"""

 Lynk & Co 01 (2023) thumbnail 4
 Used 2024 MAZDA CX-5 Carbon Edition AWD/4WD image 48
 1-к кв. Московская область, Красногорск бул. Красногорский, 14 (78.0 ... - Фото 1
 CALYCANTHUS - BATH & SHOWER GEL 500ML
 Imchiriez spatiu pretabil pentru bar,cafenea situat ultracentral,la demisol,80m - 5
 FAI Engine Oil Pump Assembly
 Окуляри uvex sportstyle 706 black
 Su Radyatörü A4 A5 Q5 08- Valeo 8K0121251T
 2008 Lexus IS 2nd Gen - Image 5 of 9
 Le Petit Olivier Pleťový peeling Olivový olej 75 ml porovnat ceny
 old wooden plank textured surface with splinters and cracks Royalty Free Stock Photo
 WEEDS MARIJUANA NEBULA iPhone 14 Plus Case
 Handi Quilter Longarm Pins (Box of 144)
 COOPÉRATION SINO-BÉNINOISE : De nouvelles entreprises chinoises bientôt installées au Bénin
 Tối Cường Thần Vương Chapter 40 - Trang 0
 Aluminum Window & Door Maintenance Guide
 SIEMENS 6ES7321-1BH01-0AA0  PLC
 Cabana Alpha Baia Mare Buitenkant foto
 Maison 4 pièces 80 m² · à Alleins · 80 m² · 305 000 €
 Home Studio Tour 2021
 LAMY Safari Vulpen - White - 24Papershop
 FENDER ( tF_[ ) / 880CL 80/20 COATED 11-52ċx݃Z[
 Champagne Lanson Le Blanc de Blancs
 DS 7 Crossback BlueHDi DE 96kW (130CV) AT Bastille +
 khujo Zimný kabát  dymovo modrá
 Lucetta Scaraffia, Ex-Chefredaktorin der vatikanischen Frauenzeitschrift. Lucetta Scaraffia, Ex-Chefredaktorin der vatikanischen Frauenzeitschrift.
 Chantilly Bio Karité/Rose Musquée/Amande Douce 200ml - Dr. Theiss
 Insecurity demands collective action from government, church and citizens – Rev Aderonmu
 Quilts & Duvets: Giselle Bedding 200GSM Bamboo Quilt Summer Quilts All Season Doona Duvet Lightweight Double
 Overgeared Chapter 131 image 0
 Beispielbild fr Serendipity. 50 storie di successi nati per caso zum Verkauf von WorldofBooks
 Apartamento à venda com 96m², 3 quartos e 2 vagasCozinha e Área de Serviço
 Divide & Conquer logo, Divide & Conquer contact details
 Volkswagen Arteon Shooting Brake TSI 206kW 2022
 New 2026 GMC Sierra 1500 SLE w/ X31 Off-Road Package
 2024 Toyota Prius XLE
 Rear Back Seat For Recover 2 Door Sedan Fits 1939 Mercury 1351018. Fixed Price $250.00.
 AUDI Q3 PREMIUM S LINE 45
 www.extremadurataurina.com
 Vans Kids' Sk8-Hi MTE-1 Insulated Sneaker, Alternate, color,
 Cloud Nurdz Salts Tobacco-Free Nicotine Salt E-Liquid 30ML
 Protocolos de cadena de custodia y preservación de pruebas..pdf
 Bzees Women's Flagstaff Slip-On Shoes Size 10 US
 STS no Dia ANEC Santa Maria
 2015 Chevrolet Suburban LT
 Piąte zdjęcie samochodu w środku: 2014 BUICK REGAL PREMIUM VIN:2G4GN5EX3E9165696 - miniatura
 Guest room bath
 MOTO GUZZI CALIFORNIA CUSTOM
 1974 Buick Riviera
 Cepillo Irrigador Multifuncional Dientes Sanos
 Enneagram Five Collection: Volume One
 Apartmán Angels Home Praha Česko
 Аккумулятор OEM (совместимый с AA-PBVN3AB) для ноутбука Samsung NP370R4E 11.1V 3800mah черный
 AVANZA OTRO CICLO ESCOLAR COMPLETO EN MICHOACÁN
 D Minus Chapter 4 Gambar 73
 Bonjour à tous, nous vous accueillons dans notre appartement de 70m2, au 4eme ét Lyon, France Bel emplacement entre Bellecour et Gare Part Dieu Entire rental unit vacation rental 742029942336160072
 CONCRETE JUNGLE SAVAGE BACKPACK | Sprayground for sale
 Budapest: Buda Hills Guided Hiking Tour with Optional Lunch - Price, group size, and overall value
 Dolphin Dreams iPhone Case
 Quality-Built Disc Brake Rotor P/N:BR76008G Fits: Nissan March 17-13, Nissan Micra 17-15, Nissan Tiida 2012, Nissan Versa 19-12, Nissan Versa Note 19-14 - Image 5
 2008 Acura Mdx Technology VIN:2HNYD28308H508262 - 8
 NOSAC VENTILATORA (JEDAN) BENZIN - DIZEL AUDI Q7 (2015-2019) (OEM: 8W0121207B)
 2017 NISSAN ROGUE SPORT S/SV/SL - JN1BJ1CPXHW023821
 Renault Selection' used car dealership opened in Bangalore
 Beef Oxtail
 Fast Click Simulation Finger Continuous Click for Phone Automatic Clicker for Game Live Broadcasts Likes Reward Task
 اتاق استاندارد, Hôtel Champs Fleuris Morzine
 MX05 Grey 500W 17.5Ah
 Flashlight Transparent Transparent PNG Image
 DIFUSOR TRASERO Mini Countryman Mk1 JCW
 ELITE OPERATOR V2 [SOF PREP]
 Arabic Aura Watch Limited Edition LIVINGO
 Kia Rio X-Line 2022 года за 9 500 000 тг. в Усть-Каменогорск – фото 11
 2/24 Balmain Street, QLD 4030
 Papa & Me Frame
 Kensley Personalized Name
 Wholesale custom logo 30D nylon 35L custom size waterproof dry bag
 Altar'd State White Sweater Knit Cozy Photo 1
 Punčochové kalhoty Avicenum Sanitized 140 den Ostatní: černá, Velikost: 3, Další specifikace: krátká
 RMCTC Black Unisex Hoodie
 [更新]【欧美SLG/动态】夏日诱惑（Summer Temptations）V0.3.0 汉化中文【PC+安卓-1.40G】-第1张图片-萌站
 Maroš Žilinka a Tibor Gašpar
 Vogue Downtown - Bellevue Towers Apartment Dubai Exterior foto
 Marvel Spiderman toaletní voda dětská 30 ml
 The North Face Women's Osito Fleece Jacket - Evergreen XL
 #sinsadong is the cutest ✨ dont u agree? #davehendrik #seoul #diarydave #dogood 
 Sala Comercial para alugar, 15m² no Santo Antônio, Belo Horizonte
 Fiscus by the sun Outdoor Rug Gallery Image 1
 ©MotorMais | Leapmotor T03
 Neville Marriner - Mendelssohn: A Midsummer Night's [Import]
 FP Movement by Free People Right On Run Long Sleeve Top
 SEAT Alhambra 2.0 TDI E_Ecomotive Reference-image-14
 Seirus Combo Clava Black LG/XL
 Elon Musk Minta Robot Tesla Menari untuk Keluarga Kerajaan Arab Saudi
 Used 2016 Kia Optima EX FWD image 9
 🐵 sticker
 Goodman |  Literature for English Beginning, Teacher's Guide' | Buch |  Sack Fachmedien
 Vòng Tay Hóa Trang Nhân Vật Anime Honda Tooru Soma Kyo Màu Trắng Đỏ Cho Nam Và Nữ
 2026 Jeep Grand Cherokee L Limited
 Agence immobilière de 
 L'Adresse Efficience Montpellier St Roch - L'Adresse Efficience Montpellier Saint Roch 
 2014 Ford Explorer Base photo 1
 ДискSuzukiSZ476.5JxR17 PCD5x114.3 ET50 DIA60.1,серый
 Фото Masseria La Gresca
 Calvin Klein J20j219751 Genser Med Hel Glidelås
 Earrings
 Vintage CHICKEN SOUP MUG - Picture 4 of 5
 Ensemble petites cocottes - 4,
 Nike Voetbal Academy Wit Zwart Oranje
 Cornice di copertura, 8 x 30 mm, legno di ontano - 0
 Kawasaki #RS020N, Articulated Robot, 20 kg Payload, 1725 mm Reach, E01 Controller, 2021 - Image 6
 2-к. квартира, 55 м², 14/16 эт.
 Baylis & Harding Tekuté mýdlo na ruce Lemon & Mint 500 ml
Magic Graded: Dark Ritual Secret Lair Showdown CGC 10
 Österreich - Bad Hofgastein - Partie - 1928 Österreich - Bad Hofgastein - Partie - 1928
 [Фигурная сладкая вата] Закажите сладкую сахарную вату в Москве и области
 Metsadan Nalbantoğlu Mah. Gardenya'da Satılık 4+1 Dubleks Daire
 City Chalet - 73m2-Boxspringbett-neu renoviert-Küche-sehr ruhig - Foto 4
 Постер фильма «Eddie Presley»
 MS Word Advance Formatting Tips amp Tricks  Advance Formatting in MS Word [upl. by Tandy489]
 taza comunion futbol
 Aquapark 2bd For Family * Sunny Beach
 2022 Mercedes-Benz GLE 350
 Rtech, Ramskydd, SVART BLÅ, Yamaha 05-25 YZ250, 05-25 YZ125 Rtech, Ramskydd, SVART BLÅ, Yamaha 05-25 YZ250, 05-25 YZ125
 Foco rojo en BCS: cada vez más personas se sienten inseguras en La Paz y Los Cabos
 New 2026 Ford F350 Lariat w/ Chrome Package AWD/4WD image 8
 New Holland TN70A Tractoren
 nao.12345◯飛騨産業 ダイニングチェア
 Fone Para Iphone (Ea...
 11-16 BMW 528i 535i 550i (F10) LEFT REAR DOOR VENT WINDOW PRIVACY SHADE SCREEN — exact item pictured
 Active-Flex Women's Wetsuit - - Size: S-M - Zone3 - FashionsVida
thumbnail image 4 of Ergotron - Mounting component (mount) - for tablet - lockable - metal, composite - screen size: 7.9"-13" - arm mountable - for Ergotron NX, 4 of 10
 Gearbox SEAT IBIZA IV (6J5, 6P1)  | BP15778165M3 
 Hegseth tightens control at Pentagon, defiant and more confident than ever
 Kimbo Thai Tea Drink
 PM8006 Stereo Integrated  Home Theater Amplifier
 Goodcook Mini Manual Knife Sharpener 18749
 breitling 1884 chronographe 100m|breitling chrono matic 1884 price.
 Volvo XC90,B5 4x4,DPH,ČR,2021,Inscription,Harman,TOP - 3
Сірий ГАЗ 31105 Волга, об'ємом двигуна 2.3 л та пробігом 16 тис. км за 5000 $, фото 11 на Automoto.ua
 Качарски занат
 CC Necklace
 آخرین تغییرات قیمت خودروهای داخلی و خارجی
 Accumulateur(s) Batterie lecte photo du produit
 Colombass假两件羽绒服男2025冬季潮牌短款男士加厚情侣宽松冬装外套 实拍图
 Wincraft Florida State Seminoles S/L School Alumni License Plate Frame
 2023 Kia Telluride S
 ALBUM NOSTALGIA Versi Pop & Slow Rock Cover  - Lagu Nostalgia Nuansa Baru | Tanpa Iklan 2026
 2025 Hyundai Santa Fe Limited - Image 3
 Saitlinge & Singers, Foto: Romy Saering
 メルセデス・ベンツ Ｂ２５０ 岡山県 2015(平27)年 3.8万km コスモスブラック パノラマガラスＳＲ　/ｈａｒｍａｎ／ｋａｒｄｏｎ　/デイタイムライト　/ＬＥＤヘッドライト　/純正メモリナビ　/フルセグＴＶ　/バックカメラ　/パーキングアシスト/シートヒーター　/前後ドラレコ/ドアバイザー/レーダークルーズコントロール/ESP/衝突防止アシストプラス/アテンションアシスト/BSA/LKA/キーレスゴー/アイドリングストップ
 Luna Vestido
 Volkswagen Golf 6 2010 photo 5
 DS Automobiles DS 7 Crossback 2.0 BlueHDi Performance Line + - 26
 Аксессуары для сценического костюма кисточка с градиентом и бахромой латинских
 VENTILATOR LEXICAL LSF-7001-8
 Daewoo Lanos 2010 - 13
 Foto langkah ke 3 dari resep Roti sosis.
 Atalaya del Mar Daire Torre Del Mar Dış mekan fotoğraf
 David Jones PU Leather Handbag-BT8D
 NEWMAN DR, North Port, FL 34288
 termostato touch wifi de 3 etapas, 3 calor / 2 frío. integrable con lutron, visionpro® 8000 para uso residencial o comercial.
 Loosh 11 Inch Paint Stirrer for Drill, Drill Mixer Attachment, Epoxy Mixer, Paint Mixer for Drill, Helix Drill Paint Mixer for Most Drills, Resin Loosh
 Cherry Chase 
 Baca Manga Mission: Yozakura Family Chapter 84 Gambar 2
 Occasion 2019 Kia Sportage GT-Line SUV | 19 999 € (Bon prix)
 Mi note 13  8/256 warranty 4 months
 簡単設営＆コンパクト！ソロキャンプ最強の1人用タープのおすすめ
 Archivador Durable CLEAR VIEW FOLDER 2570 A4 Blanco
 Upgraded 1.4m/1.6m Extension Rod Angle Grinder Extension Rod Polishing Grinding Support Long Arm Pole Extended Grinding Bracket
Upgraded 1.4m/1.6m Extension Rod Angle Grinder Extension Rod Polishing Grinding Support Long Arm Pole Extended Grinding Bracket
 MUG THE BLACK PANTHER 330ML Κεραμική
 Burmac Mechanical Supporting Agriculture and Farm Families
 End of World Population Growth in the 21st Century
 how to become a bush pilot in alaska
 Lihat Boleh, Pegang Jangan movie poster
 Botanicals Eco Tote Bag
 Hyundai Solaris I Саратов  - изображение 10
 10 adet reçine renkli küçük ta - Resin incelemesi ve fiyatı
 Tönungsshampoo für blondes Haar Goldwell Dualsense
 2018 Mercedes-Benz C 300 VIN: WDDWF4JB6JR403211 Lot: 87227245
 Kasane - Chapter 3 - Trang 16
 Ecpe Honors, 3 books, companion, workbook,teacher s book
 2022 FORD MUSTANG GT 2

"""

*Problem to solve*: Above are the entries. Copy exactly the part that opens with the line containing "warranty 4 months" and closes with the line containing "End of World", and no more.

*Response to this task*:
 Mi note 13  8/256 warranty 4 months
 簡単設営＆コンパクト！ソロキャンプ最強の1人用タープのおすすめ
 Archivador Durable CLEAR VIEW FOLDER 2570 A4 Blanco
 Upgraded 1.4m/1.6m Extension Rod Angle Grinder Extension Rod Polishing Grinding Support Long Arm Pole Extended Grinding Bracket
Upgraded 1.4m/1.6m Extension Rod Angle Grinder Extension Rod Polishing Grinding Support Long Arm Pole Extended Grinding Bracket
 MUG THE BLACK PANTHER 330ML Κεραμική
 Burmac Mechanical Supporting Agriculture and Farm Families
 End of World Population Growth in the 21st Century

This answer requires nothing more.